Does anyone know a method of flattening out cork bark?

I picked up a great bit at the weekend but its got quite a curve to it. Was hoping to use it as a background but the curve will take up a bit of space and make sealing it off more tricky. 

thanks.
David


----------



## Meefloaf (Mar 24, 2013)

its a nightmare to cut flat at the back, you can get flat cork


----------



## viper_xcm (Jul 22, 2010)

Meefloaf said:


> its a nightmare to cut flat at the back, you can get flat cork


Yeah I know, but I've always found the panels to be really bland. This piece had some wonderful ridges and twists.

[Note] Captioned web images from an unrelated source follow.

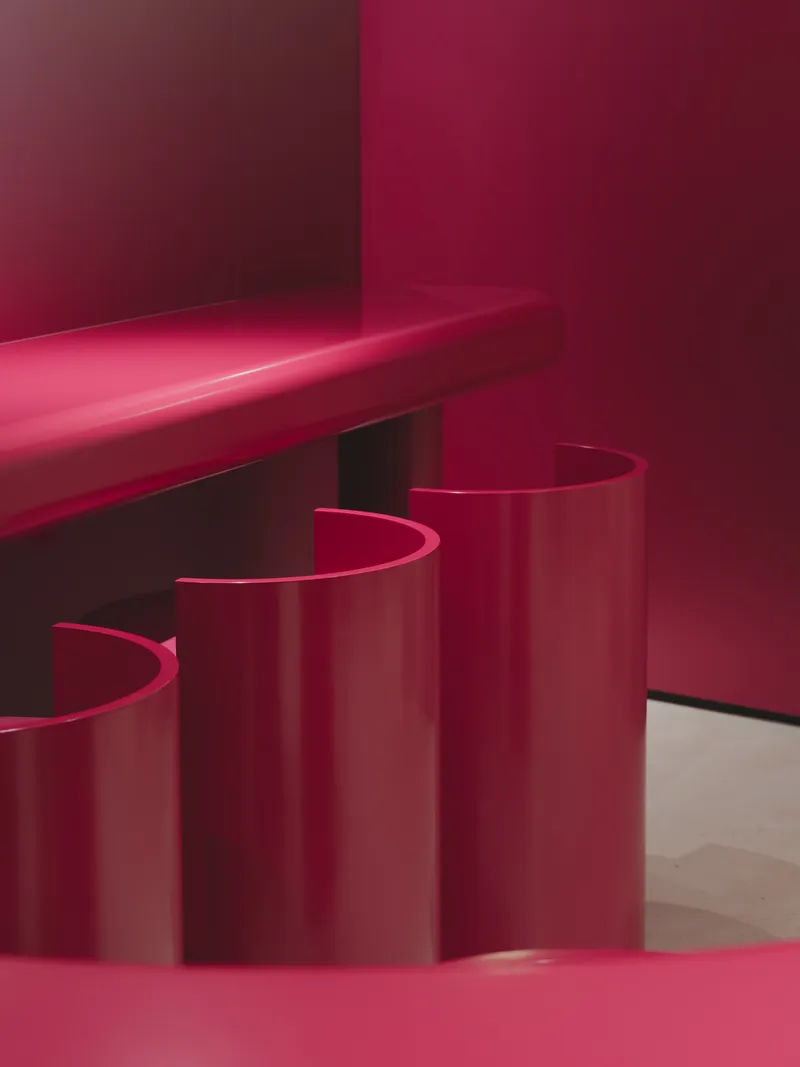 Close-up of three cylindrical magenta stools tucked beneath a glossy counter in dim light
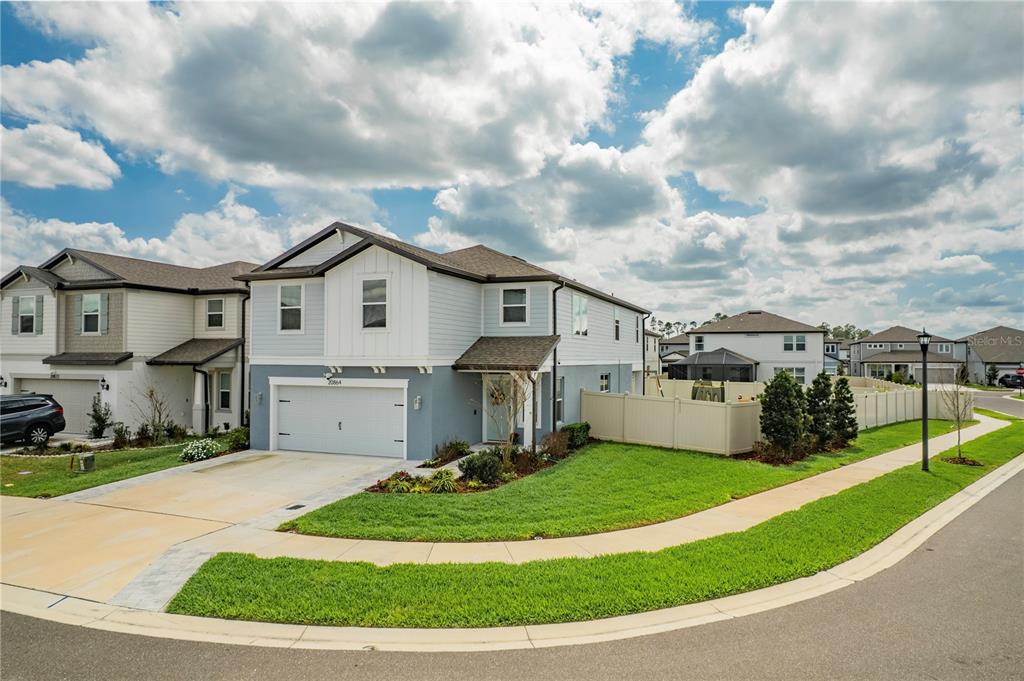 20864 Cherry River Road Land O' Lakes, FL 34638 - Photo 2 of 48 a view of a white house in front of a big yard plants and large trees
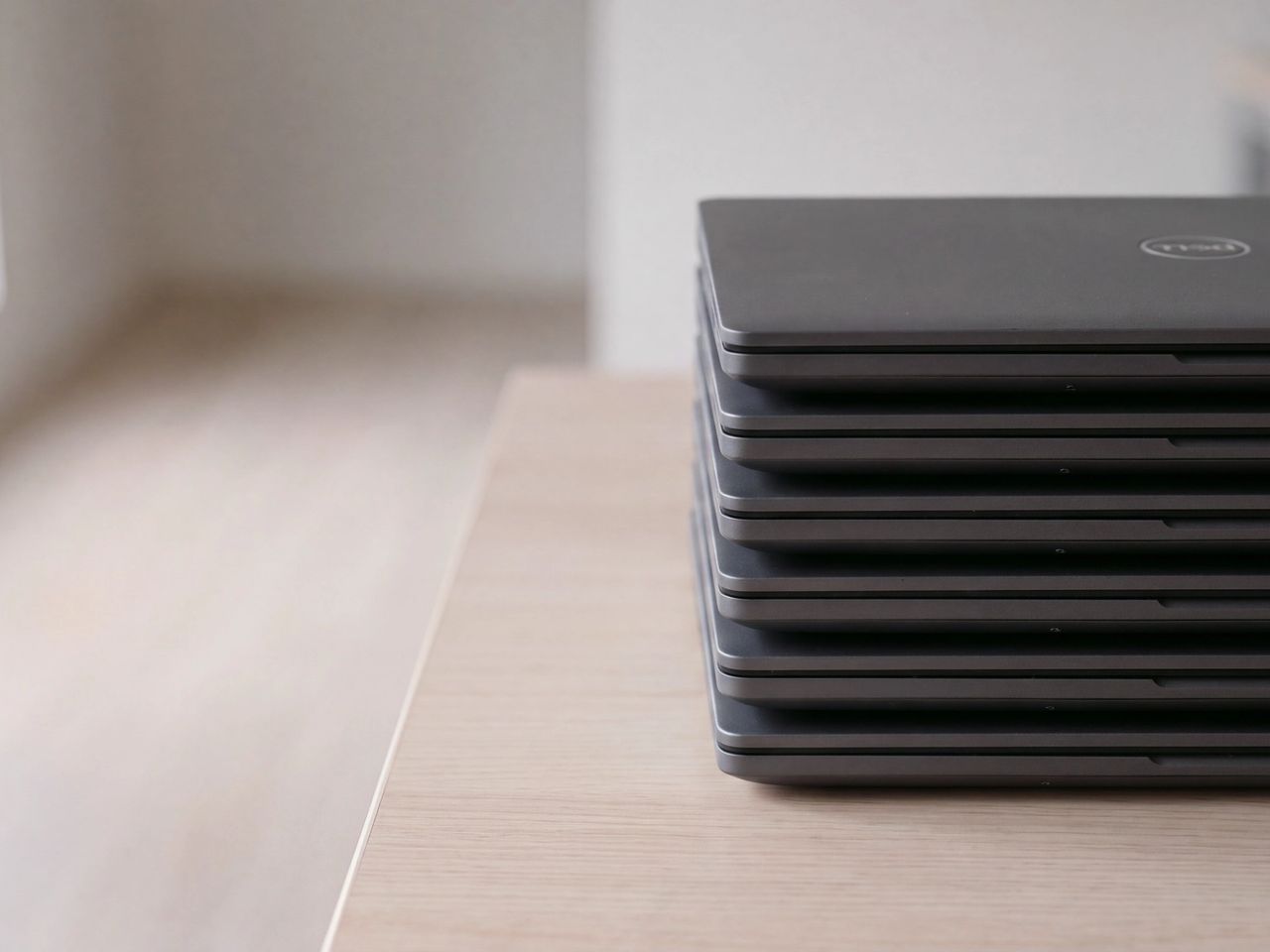 Six identical closed Dell laptops stacked neatly on a pale wood table.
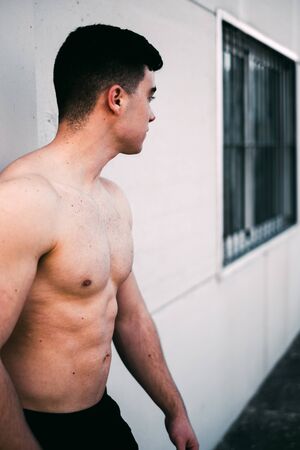 fitness boy resting after exercisingの写真素材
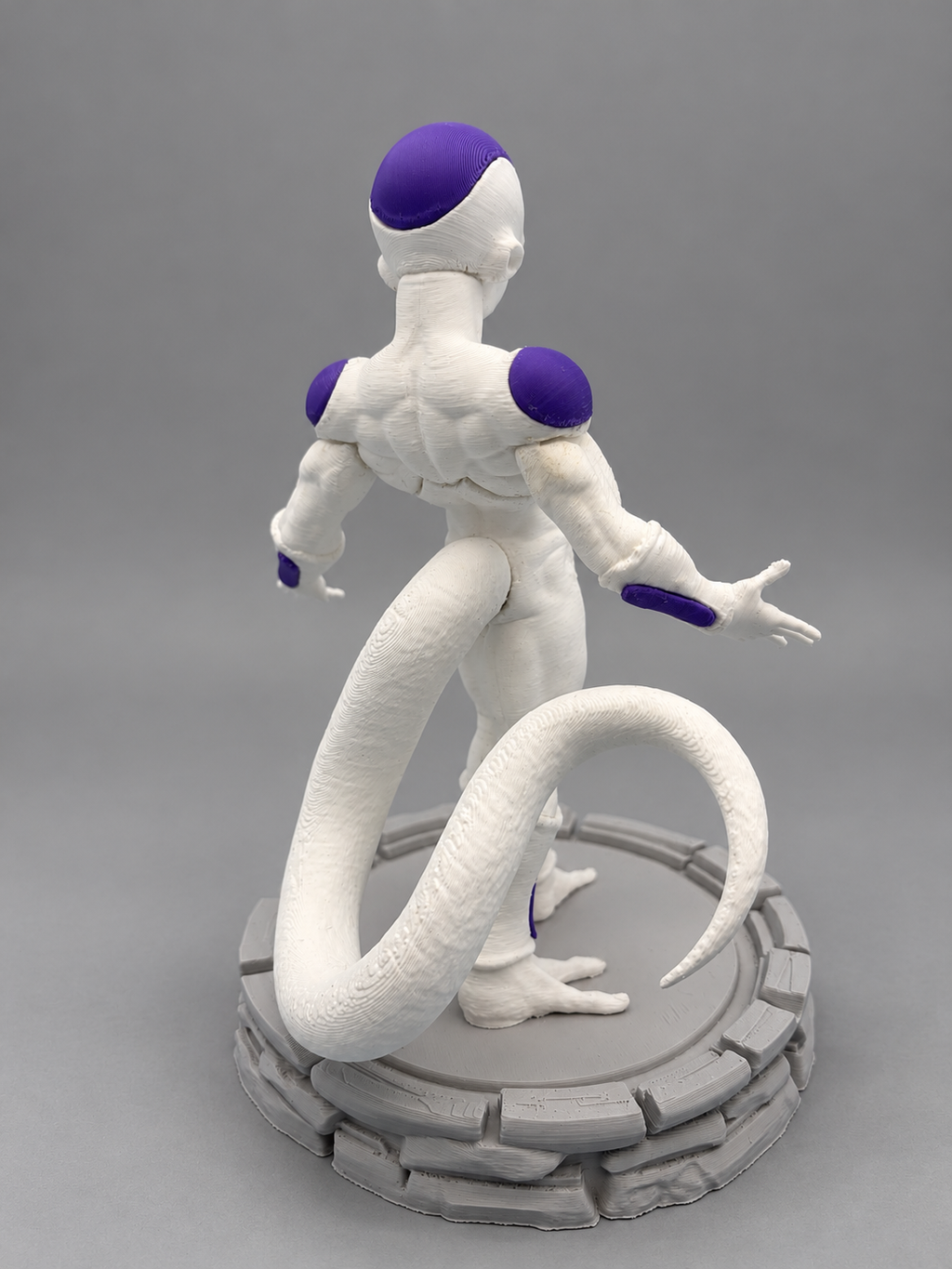 Frieza figure rear view and curled tail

So it was a case of get it now and figure out the where/how later


----------



## plasma234 (Feb 27, 2013)

Would soaking it and then putting a large weight on it to flatten it then leaving to dry work?


----------



## soundstounite (Sep 6, 2009)

I think you are on the way Calz,I have never done this but the way to shape/bend wood is steam,so I'd have a go with very very hot water failing steam,get it really hot and wet,then clamp it against something flat and leave to dry out. It's a stab in the dark Viper,but it might just work.All manner of wood can be bent this way,I can't see why one couldn't apply a similar method to cork bark.

If you try it let us know how you get on please

Stu


----------



## Kamike (Aug 3, 2009)

How thick is the cork?

I had a large piece (24w, 40h) that was a good 2 inch thick. I took a sharp saw to the back and cut a line straight down the back about 1.5 inch deep. Gave the piece enough flex to be flattened against the rear enclosure wall


----------



## viper_xcm (Jul 22, 2010)

Thanks for the input. I'm in no rush with this one so I will see if I can source some decent clamps and try a few experiments. Failing clamps, I'll plonk the fridge on it :2thumb:

I'll keep you posted...


----------



## Ron Magpie (Oct 11, 2009)

soundstounite said:


> I think you are on the way Calz,I have never done this but the way to shape/bend wood is steam,so I'd have a go with very very hot water failing steam,get it really hot and wet,then clamp it against something flat and leave to dry out. It's a stab in the dark Viper,but it might just work.All manner of wood can be bent this way,I can't see why one couldn't apply a similar method to cork bark.
> 
> If you try it let us know how you get on please
> 
> Stu


Yes, I've read of similar, although I've never tried it- soak in very hot water and then pin down flat with something heavy- think the guy I read used breeze blocks! :gasp:


----------



## viper_xcm (Jul 22, 2010)

Kamike said:


> How thick is the cork?
> 
> I had a large piece (24w, 40h) that was a good 2 inch thick. I took a sharp saw to the back and cut a line straight down the back about 1.5 inch deep. Gave the piece enough flex to be flattened against the rear enclosure wall


It's about 15x15 and about 1.5 inch thick. unfortunately the curve is too big to level it without losing some off the front, but a combo of cutting and steaming might be the way forward.


----------



## frogman955 (Feb 7, 2010)

If you want to try steaming it use a good old fashioned wall paper stripper.


Mike


----------